What you should do – Go to the line with "Comfort Inn & Suites Airport South" in the entries below and write out every line from there through the line with "Fiskkamera Säveån", exactly and without pictures.

Record excerpts –
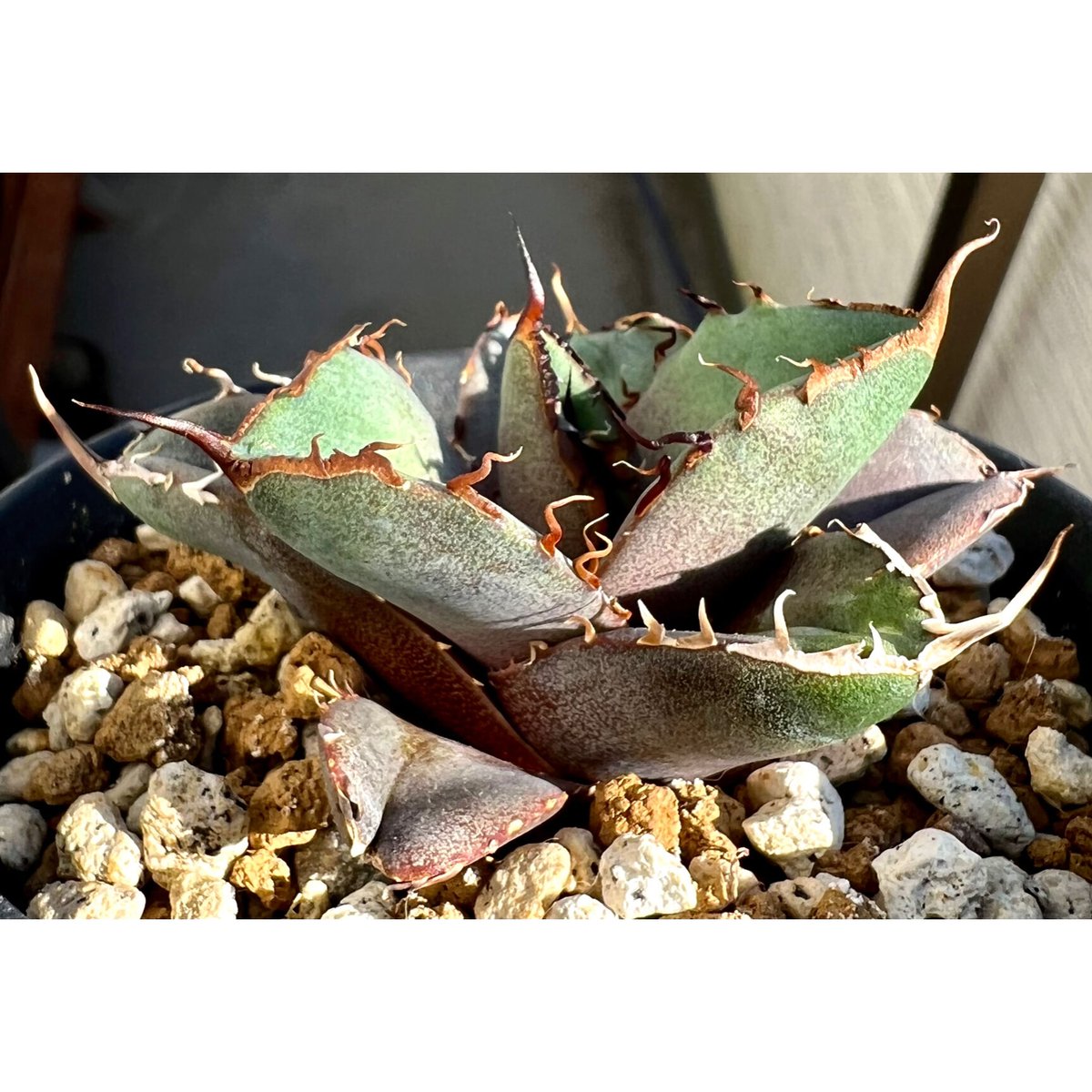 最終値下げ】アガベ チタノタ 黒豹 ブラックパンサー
---
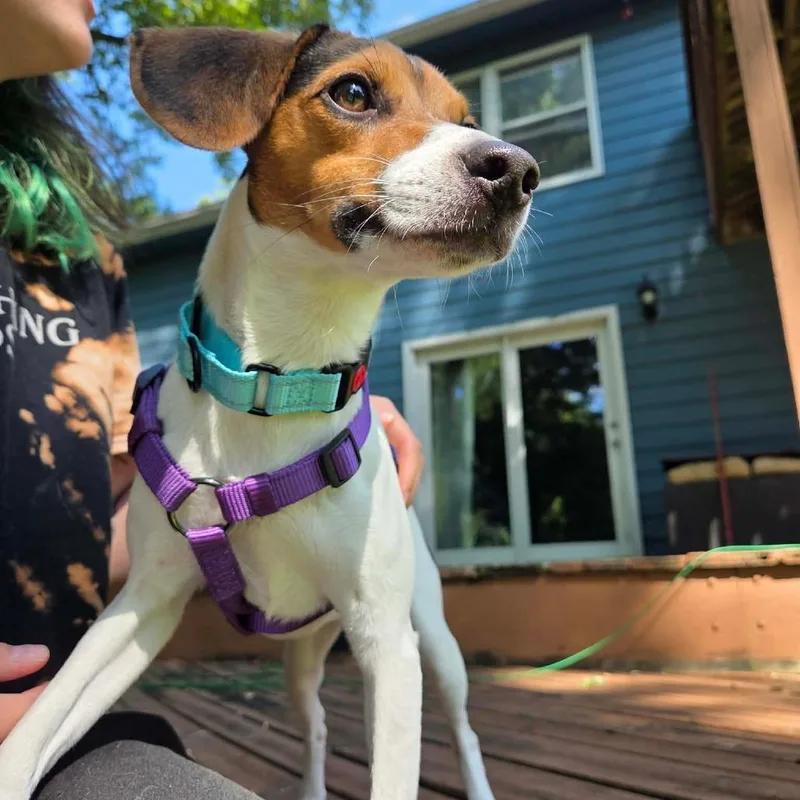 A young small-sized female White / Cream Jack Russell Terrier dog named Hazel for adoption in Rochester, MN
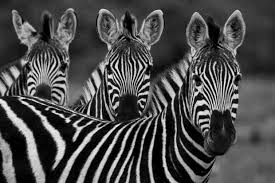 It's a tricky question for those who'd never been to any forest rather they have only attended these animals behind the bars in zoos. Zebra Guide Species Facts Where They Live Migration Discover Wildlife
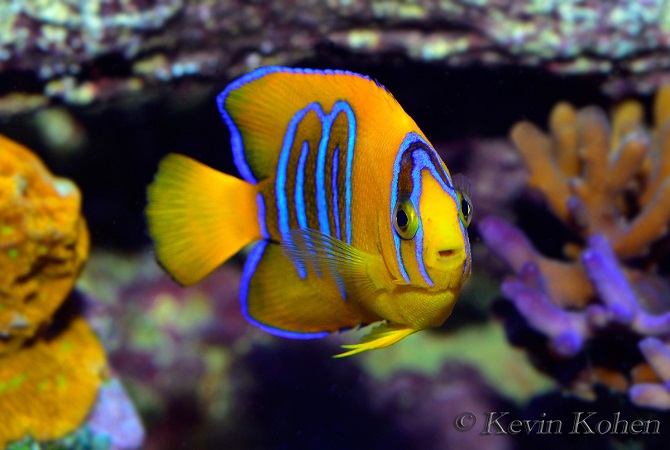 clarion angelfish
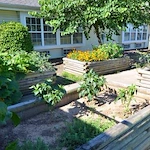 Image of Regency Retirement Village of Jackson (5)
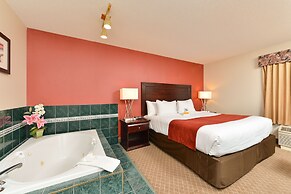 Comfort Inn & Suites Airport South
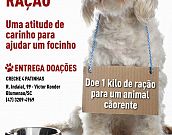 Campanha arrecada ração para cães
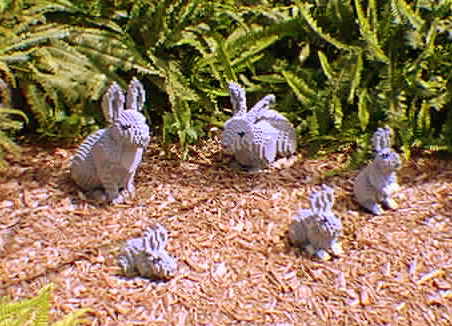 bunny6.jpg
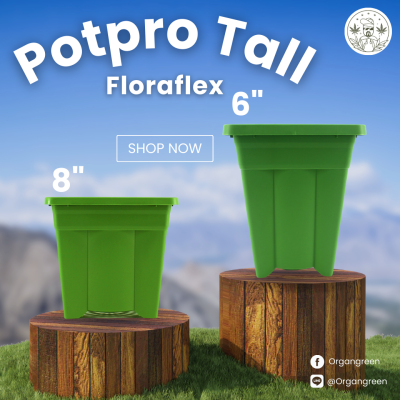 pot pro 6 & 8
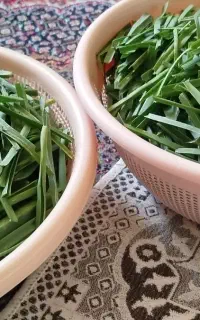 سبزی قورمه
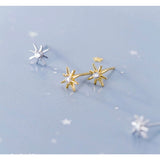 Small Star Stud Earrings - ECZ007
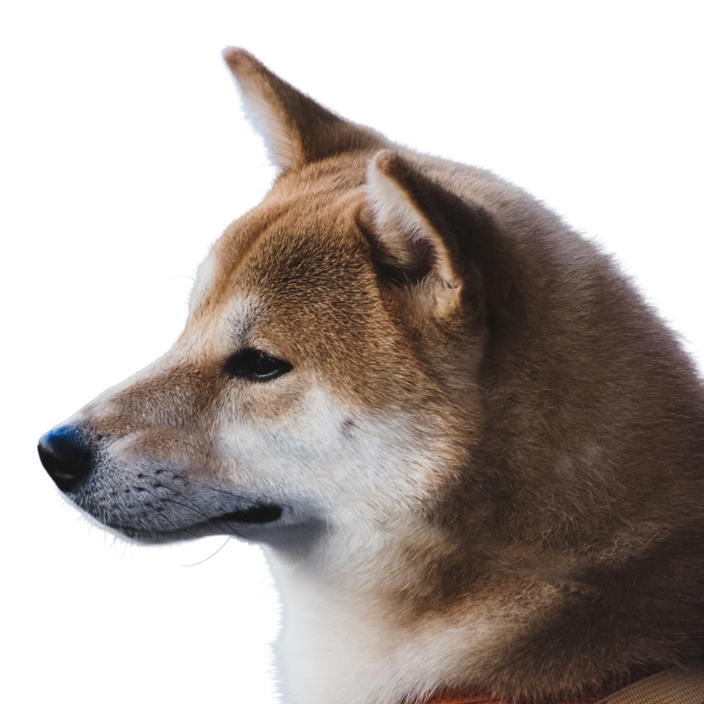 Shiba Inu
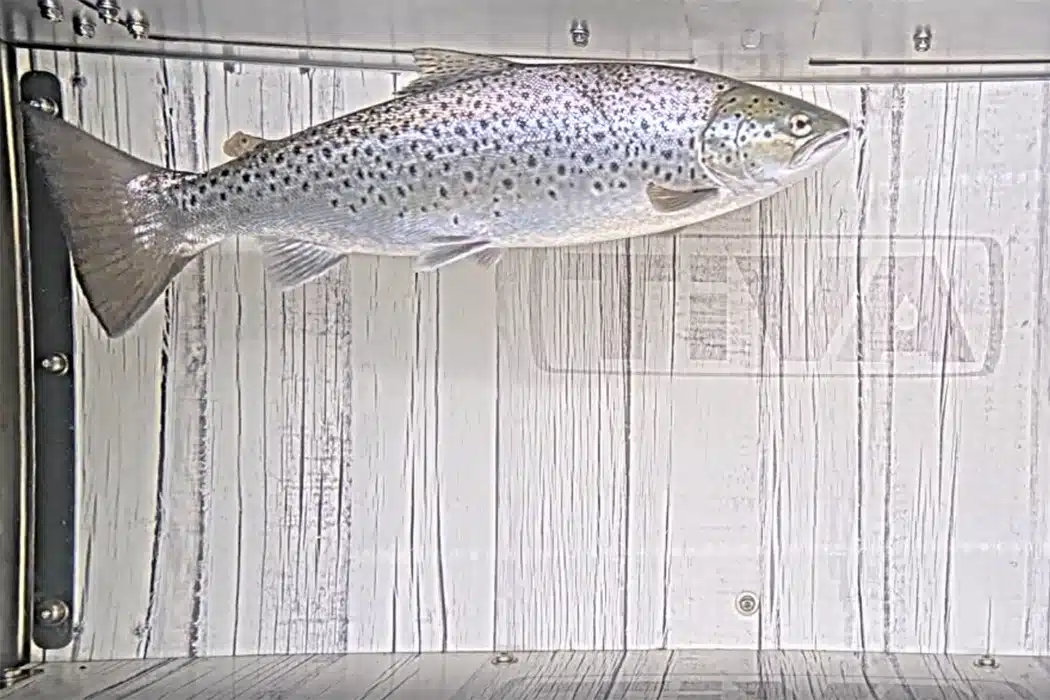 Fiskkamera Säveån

Result of this task –
 Comfort Inn & Suites Airport South
 Campanha arrecada ração para cães
 bunny6.jpg
 pot pro 6 & 8
 سبزی قورمه
 Small Star Stud Earrings - ECZ007
 Shiba Inu
 Fiskkamera Säveån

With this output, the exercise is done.